Nel dettaglio, secondo i giudici è da ritenersi condivisibile l’orientamento già espresso più volte in giurisprudenza ai sensi del quale gli interventi consistenti nella realizzazione di tettoie o di altre strutture che siano comunque apposte a parti di preesistenti edifici come strutture accessorie di protezione o i ripari di spazi liberi, cioè non compresi entro coperture volumetriche previste in un progetto assentito, possono ritenersi sottratti al regime del permesso di costruire soltanto ove la loro conformazione e le loro ridotte dimensioni rendono evidente e riconoscibile la loro finalità di semplice decoro o di arredi, oppure di riparo e protezione (anche da agenti atmosferici) della parte dell’immobile cui accedono.

Tali strutture non possono, viceversa, ritenersi installabili senza permesso di costruire allorquando le loro dimensioni sono di entità tali da arrecare una visibile alterazione dell’edificio o alle parti dello stesso su cui vengono inserite, quando per la loro consistenza dimensionale non possono ritenersi assorbite, ovvero ricomprese in ragione della loro accessorietà, nell’edificio principale o nella parte dello stesso in cui accedono.

Quando spetta la detrazione per la tettoia

Da punto di vista fiscale, la realizzazione di una tettoia può essere annoverata tra gli interventi di ristrutturazione (o manutenzione straordinaria) che danno diritto al bonus ristrutturazione 50%, con la conseguente applicazione del chiarimento che si evince dalla guida predisposta dall’Amministrazione finanziaria in merito all’agevolazione in commento.

Da tale documento di prassi, in particolare, si evince che in caso di demolizione e ricostruzione con ampliamento, il beneficio non spetta in quanto l’intervento si considera, nel suo complesso, una nuova costruzione.
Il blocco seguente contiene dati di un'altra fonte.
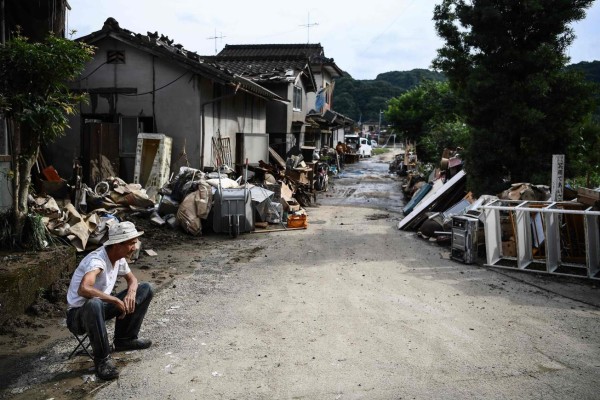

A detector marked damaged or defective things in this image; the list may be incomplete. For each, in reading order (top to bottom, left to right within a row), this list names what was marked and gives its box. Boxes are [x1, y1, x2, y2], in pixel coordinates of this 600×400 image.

damaged house [45, 18, 286, 188]
damaged house [210, 43, 354, 156] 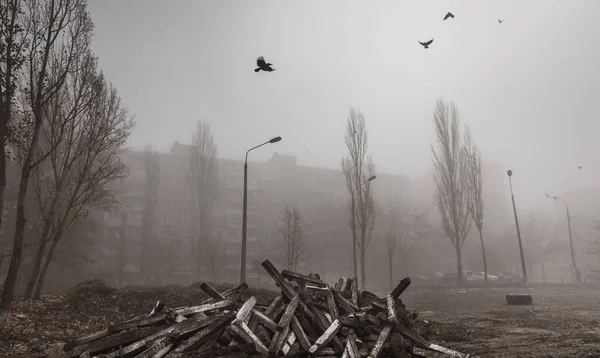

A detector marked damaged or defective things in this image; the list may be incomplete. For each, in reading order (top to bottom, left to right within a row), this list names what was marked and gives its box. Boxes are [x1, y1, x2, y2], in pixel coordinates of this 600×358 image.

splintered wood [58, 260, 472, 358] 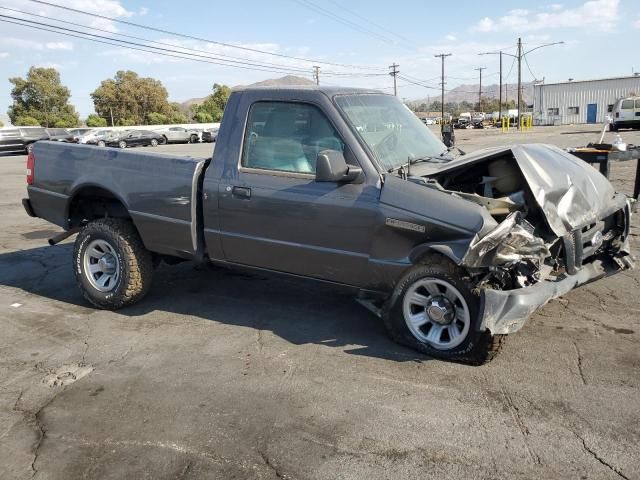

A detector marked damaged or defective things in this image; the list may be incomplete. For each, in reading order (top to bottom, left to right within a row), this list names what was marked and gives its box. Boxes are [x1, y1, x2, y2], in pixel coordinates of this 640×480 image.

cracked pavement [0, 125, 636, 478]
crumpled hood [412, 144, 628, 238]
damaged front end [418, 144, 632, 336]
Se la ristrutturazione, invece, avviene senza demolire l’edificio esistente e con ampliamento dello stesso, il bonus fiscale spetta solo per le spese riguardanti la parte esistente in quanto l’ampliamento configura, comunque, una nuova costruzione. Pertanto la realizzazione di una tettoia in un immobile abitativo senza aumento di volumetria porta con se, nel rispetto di tutti gli adempimenti previsti, la possibilità di godere della detrazione.

Riepilogo interventi


Si ricorda che gli interventi edilizi che danno diritto alla detrazione IRPEF del 50% sono quelli di:

  1. manutenzione straordinaria (ad esempio installazione di ascensori e scale di sicurezza, realizzazione dei servizi igienici, sostituzione di infissi esterni con modifica di materiale o tipologia di infisso, rifacimento di scale e rampe, realizzazione di recinzioni, muri di cinta e cancellate, costruzione di scale interne, sostituzione dei tramezzi interni senza alterazione della tipologia dell’unità immobiliare); 
  2. restauro e risanamento conservativo (si tratta di lavori adeguamento delle altezze dei solai nel rispetto delle volumetrie esistenti e di lavori di ripristino dell’aspetto storico-architettonico di un edificio);
  3.  ristrutturazione edilizia su singoli appartamenti (ad esempio modifica della facciata, realizzazione di una mansarda o di un balcone, trasformazione della soffitta in mansarda o del balcone in veranda, apertura di nuove porte e finestre, costruzione dei servizi igienici in ampliamento delle superfici e dei volumi esistenti);
  4.  ricostruzione o ripristino di un immobile danneggiato da eventi calamitosi, se è stato dichiarato lo stato di emergenza;
  5.  restauro, risanamento conservativo e ristrutturazione edilizia, riguardanti interi fabbricati, eseguiti da imprese di costruzione o ristrutturazione immobiliare e da cooperative edilizie che entro 18 mesi dal termine dei lavori vendono o assegnano l’immobile;
  6.  manutenzione ordinaria (ad esempio tinteggiatura di pareti e soffitti, sostituzione di pavimenti, sostituzione di infissi esterni, rifacimento di intonaci interni), manutenzione straordinaria, restauro e risanamento conservativo, ristrutturazione edilizia su parti comuni di edifici residenziali.

La misura della sgravio fiscale è del 50% della spesa da calcolarsi su un limite massimo di 96.000 euro per unità immobiliare (il beneficio è goduto in 10 quote annuali di pari importo).